Last year a small independent development studio lead by Criterion Games veterans Fiona Sperry and Alex Ward released Dangerous Golf, a game that was basically Burnout‘s Crash Mode without cars. With Danger Zone, due out next month for PC and PS4, they’re trying it with cars. Excellent.
Crash Mode was my favourite part of Burnout 3: Takedown, as I am much better at running into things than I am at dodging them gracefully. Last year’s Dangerous Golf promised the same sort of experience in a different setting, but it fumbled the execution. You know what was missing? These things:
Danger Zone takes the show back out on the road. Players will be charged with tearing apart 20 single-player crash scenarios. They will try to cause enough chaos during the initial impact to initiate a SmashBreaker, which slows things down and gives them a little more control over their flaming wreck to earn more points. They aren’t even changing the name for this. SmashBreaker! That’s what were getting in Danger Zone.

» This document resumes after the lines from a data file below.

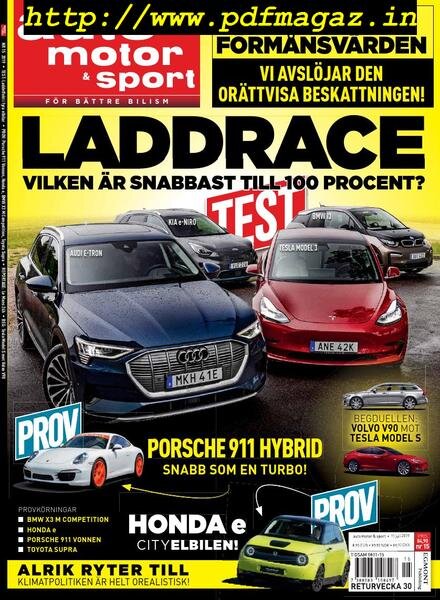 Auto Motor & Sport Sverige – 11 juli 2019 Cover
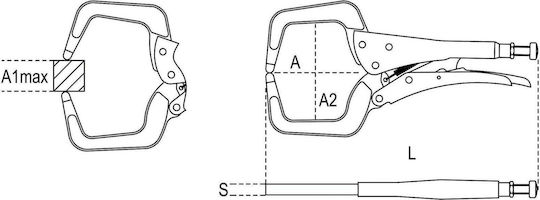Beta 1062GM Πένσα Γκριπ με Ρυθμιζόμενες Σιαγόνες Μήκους 170mm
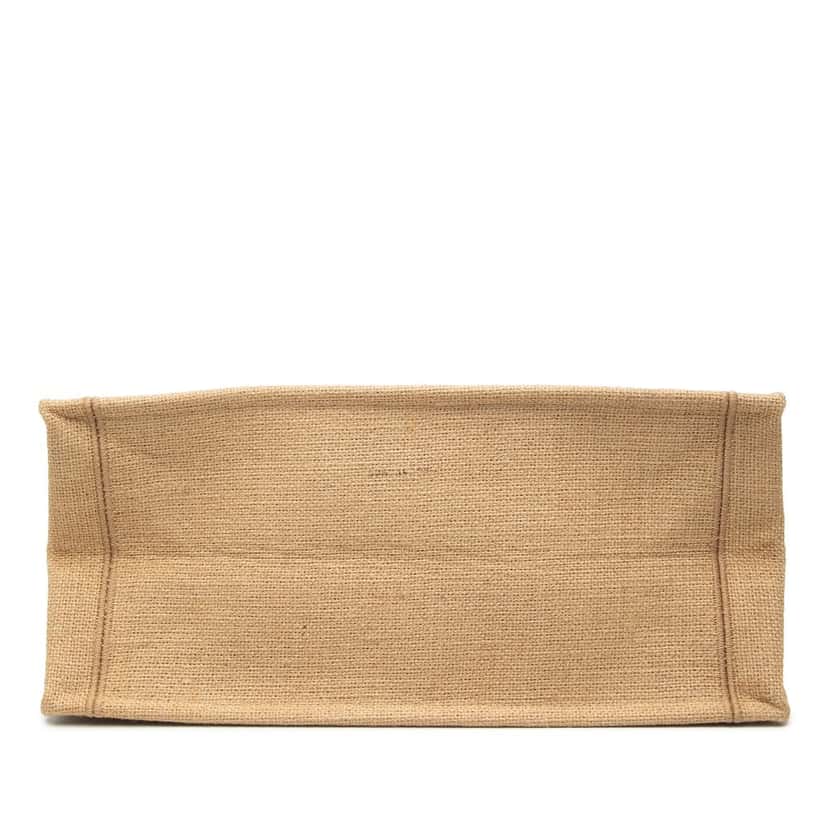 Dior Medium Jute Embroidered Book Tote Beige Very good condition - Inside View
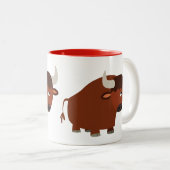 Cute Shy Cartoon Bull Mok (Voorkant rechts)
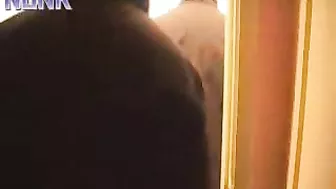 Three young dudes coaxed sexy mom on having XXX gangbang at home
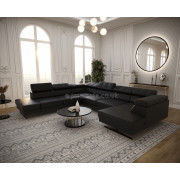 EUFORIA MAX 2__300*350*180cm - Faux Leather - Corner Sofa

The new vehicular destruction puzzle game that’s really the beloved old one with a new name will be out on PC and PlayStation 4 next month for $US12.99 ($17). Australian pricing has not yet been confirmed.
Somebody tell Lana. She really needs to know.
Comments
3 responses to “Burnout Creators Try To Turn Crash Mode Into A Game Again”
I only kinda liked dangerous golf. It had some very clever stuff in it, deep object interaction, but the controls or the theme didnt sit right.
But yeah, give me takedowns crash mode! Man, I’d kill for a remake of that game with the original soundtrack.
I’ve spent almost an entire day in dangerous golf. I have completed all the tours and replayed a fair number going for gold/platinum.
I have also played a bit with my 2 year old who like “Crash game”
I really didn’t like what I played of Takedown’s crash mode, much more preferred Point Of Impact’s.
Nearly everyone is making a huge mistake linking Crash mode with Burnout 3 – Crash mode was a highlight in BO2 (because it was simple and quite “pure”, no wind or explosions or other crap that actually detracts from the fun), but it was in fact Burnout 3’s Road Rage mode that was the real star of that game, yet I haven’t heard anyone mention it yet. Also, if this Danger Zone is actually the thing that has been alluded to in the past as a “Burnout successor”, then that’s a really disappointing bit of news.